Your instructions -> Copy out exactly, from the entries that follow, the line holding "Marina Arts Lofts 5", the line holding "Programa VIP Ap777", and all lines between them, but no pictures.

** Opening Records shown block **

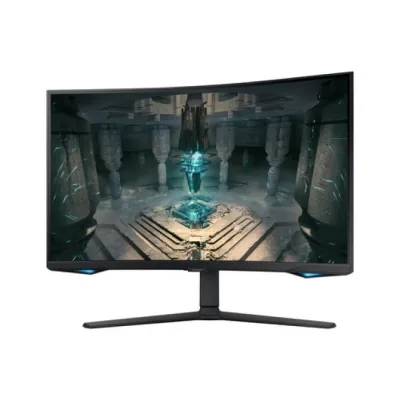 Samsung Odyssey G6 LS32BG650EUXEN 32" LED QHD 240Hz FreeSync Samsung Odyssey G6 LS32BG650EUXEN 32" LED QHD 240Hz FreeSync
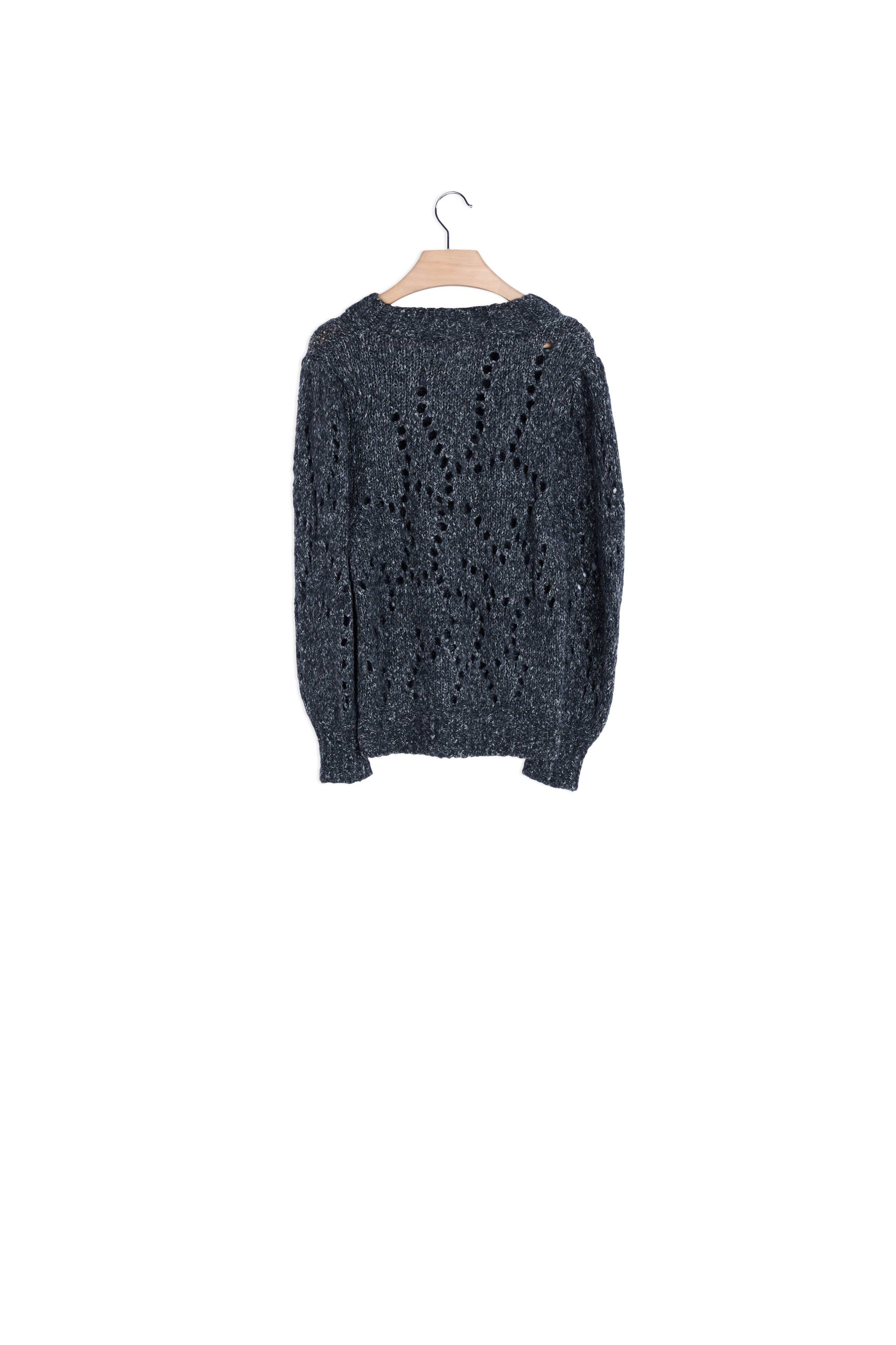 PULL Isabel Marant seconde vie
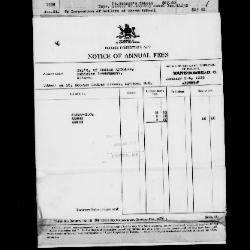 Part 1 of 12, 1929-1933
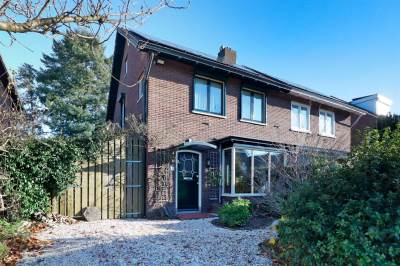 Woning Kerkweg 68 Ede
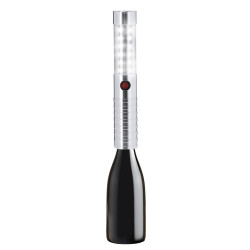 Bastón Led Aluminio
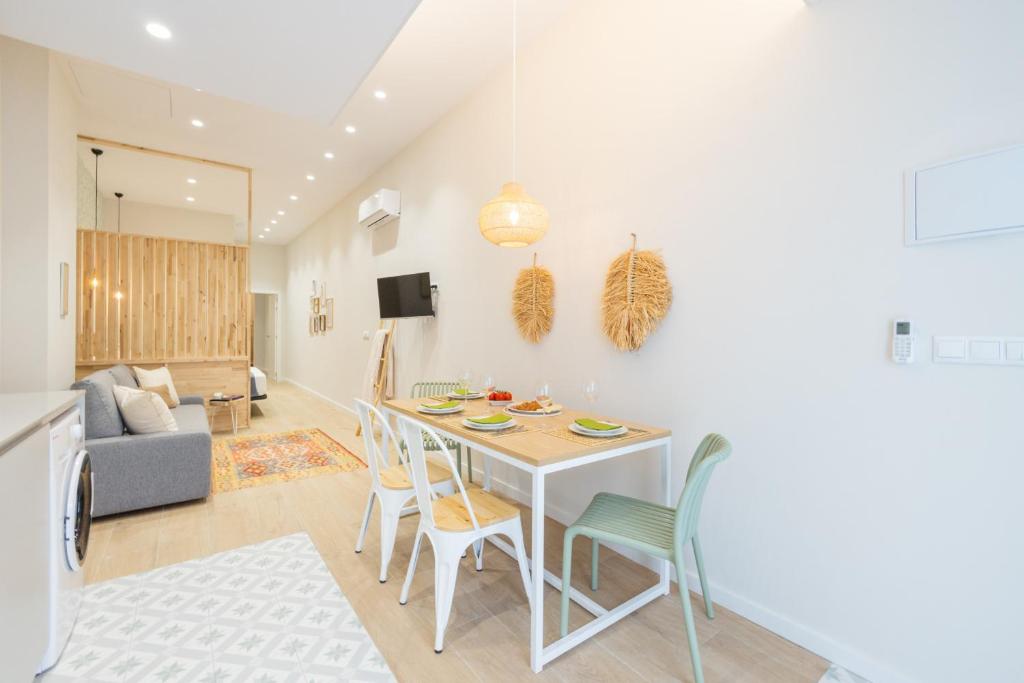 Marina Arts Lofts 5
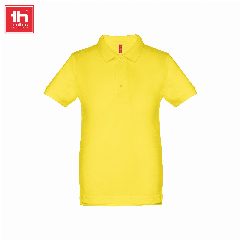 Polo de criança unissexo Adam Kids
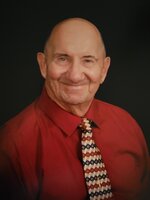 Gary Eldridge Wheeler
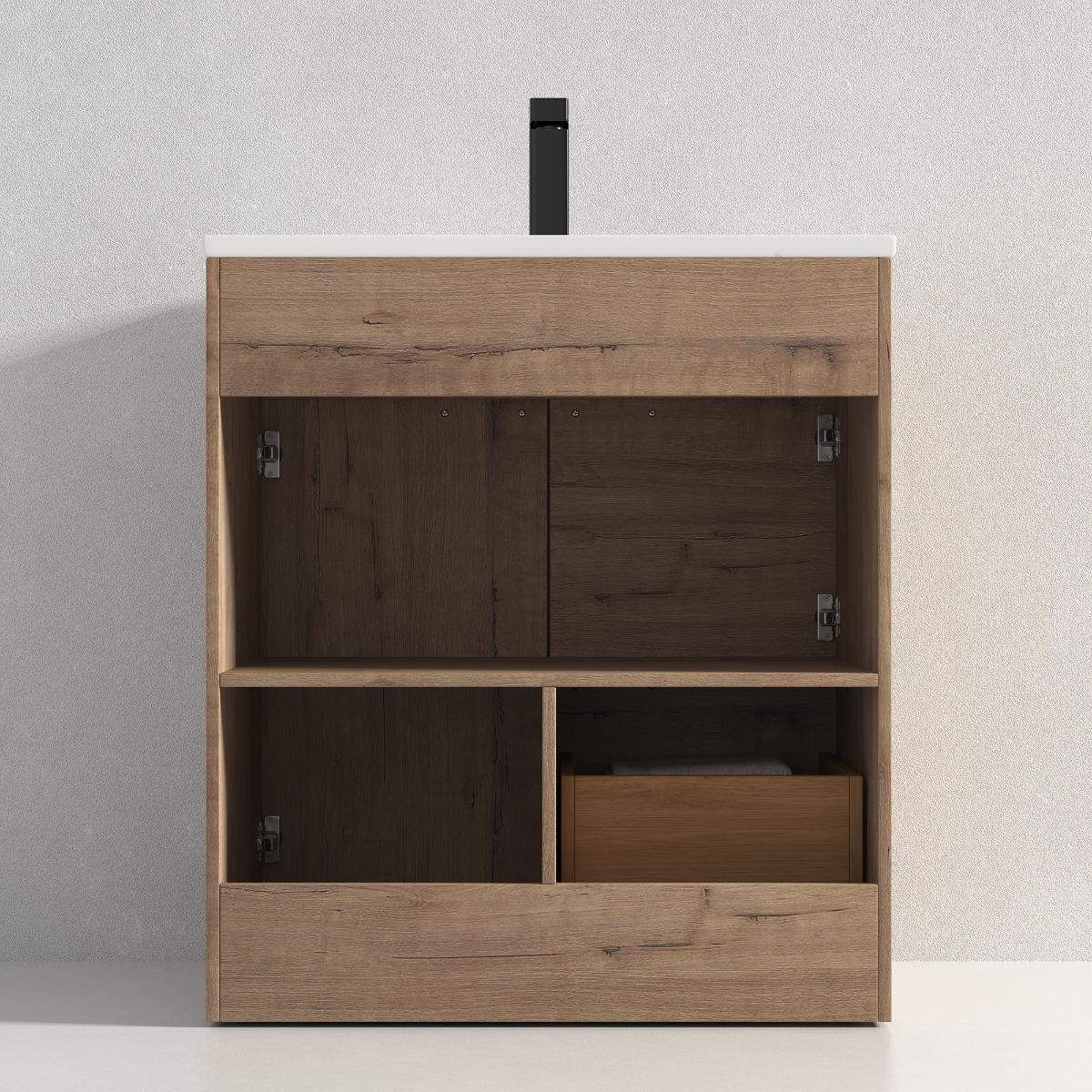 Hanover 30″ Vanity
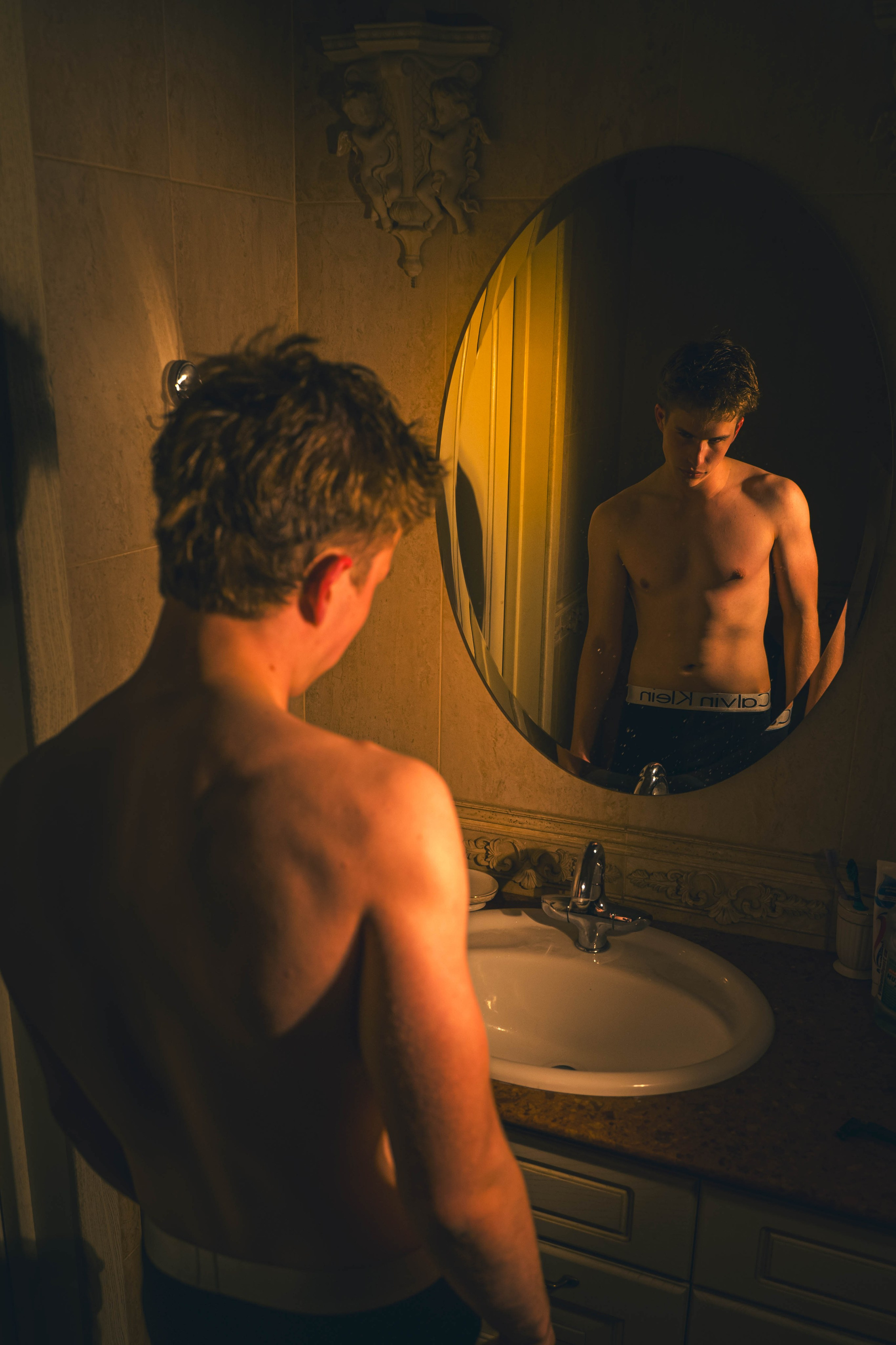 Джордж. Видео и Фото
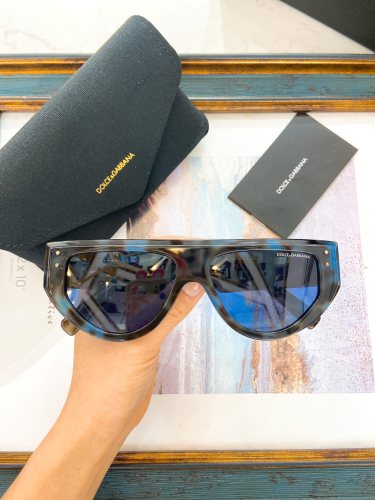 D&G Sunglasses AAAA-2474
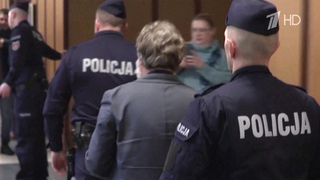 Суд Варшавы счел допустимой экстрадицию археолога Александра Бутягина на Украину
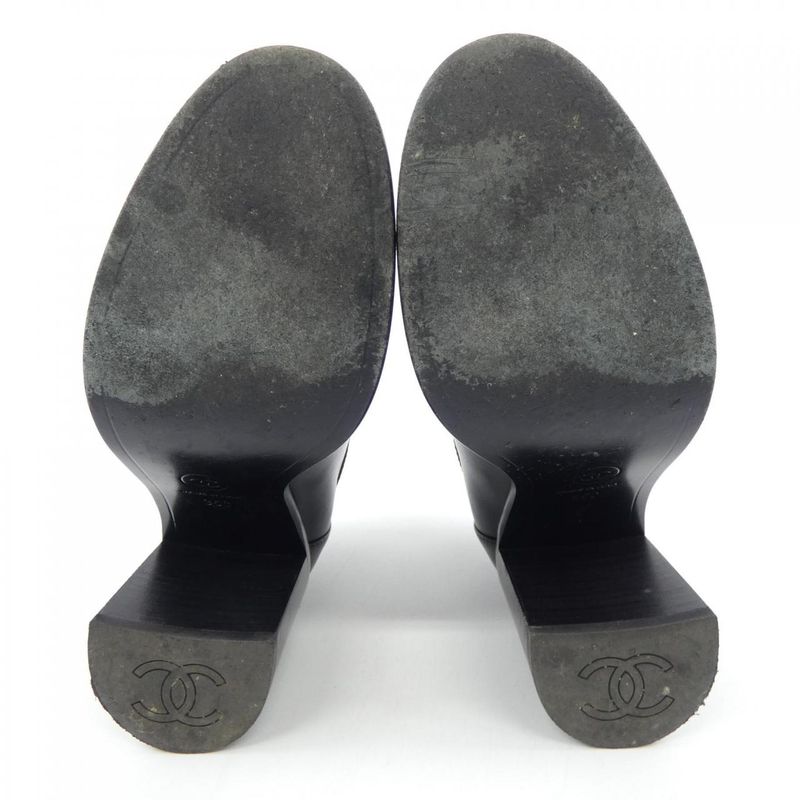 Chanel G38064y56105 Boots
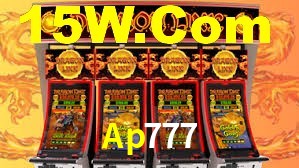 Programa VIP Ap777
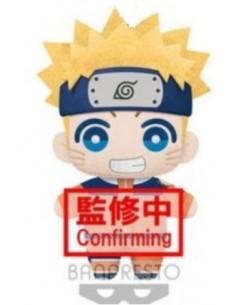 Peluche Naruto Tomonui...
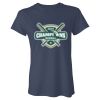 Tultex 213 - Ladies' T-Shirt Thumbnail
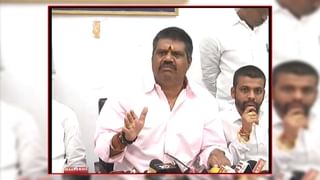 Gudivada Amarnath Reddy : భూకబ్జాలన్నీ చంద్రబాబు కన్నుసన్నల్లోనే.. ఆయన ఫాదర్‌ ఆఫ్‌ కరప్షన్‌ : గుడివాడ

** Closing Records shown block **

Output of the task ->
 Marina Arts Lofts 5
 Polo de criança unissexo Adam Kids
 Gary Eldridge Wheeler
 Hanover 30″ Vanity
 Джордж. Видео и Фото
 D&G Sunglasses AAAA-2474
 Суд Варшавы счел допустимой экстрадицию археолога Александра Бутягина на Украину
 Chanel G38064y56105 Boots
 Programa VIP Ap777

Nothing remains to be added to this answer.